Six Big Ideas for Getting “Smarter Balanced Ready”

In 2015, the first year Smarter Balanced tests were given in Washington state, staff from Vancouver Public Schools wanted to help parents better understand the new tests their students would be taking. During parent-teacher nights, the teachers gave online practice tests to parents. They found that not only did parents enjoy the experience, but they also understood the testing experience, “like a light bulb went off!” Parents analyzed questions, found evidence to support their answers, and in the end, lowered their anxiety about the new tests.

Smarter Balanced Ready is an interactive web resource for districts and educators organized by six “big ideas.”

This story is just one example of the many great ideas from school districts in Smarter Balanced states and territories on how they implemented the Smarter Balanced assessment system. We collected stories on what worked well for specific school districts and created a new resource called, Smarter Balanced Ready: Big Ideas for Implementation.

More than Test Prep

We found that becoming “Smarter Balanced Ready” is about more than test preparation. Implementing the Smarter Balanced assessment system includes teaching parents and educators about how assessments work, communicating early and regularly about testing, and shifting curriculum and instruction to reach the depths of learning students require.
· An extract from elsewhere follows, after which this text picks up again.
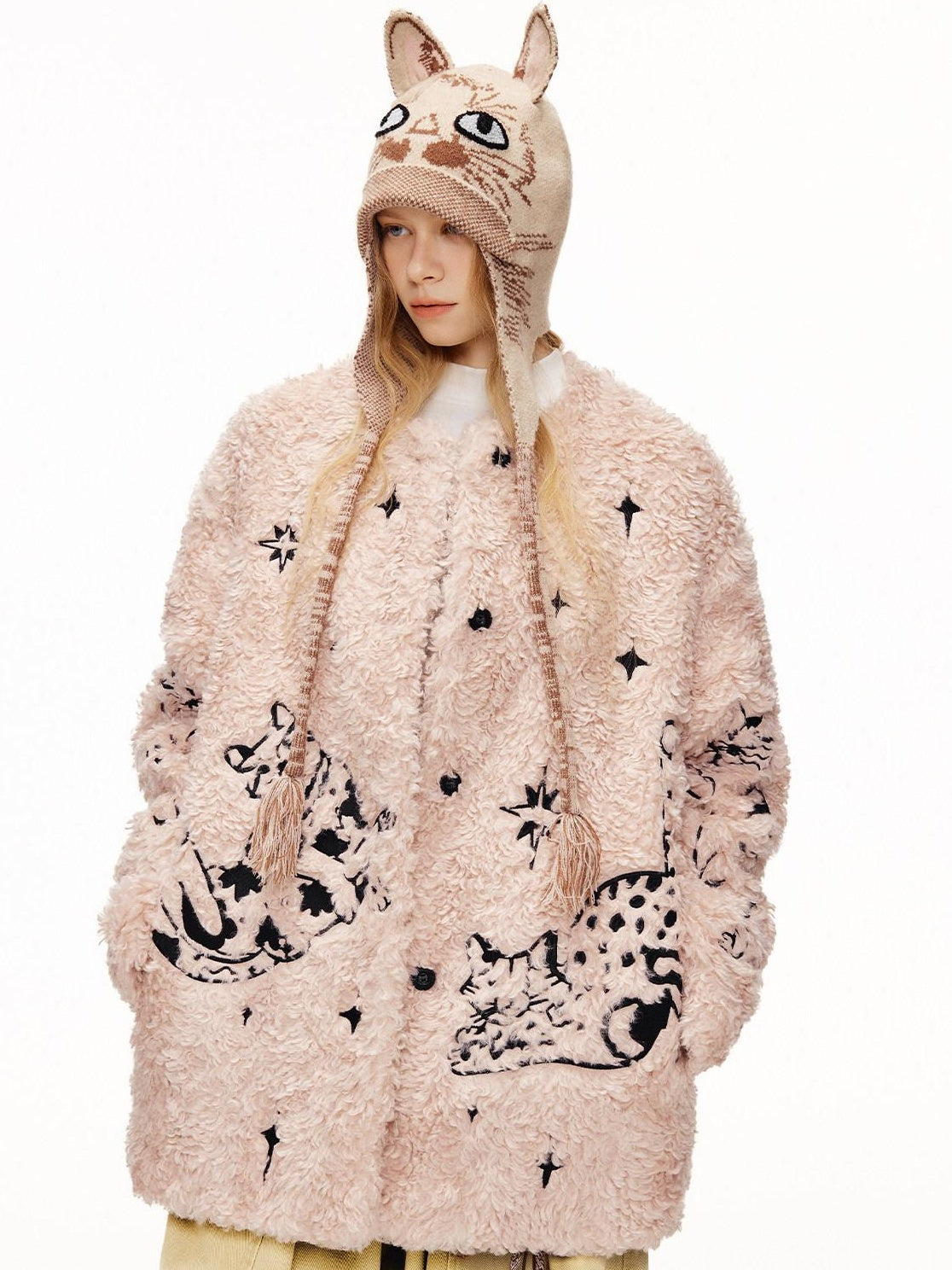 Outthe Blue High Breathability Casual Knit Round Top Women Animal Pattern Light Beige Hats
By looking at the strategies used by school districts in California, Connecticut, Idaho, Washington, West Virginia, and the U.S. Virgin Islands, we found six “big ideas” for getting Smarter Balanced Ready:

  1. Students Benefit from Taking Interim Assessments
  2. Teachers Use Interim Assessment Data to Improve Instruction
  3. Adults Learn First, Then Help Students
  4. Using the Assessment System Is a Team Effort
  5. Sustainable Teams Continuously Improve
  6. Communicate Early and Often

We’ve organized these ideas into a series of web pages so educators across the country can get ideas and access resources—created and used by other Smarter Balanced districts—to help with their own implementation efforts.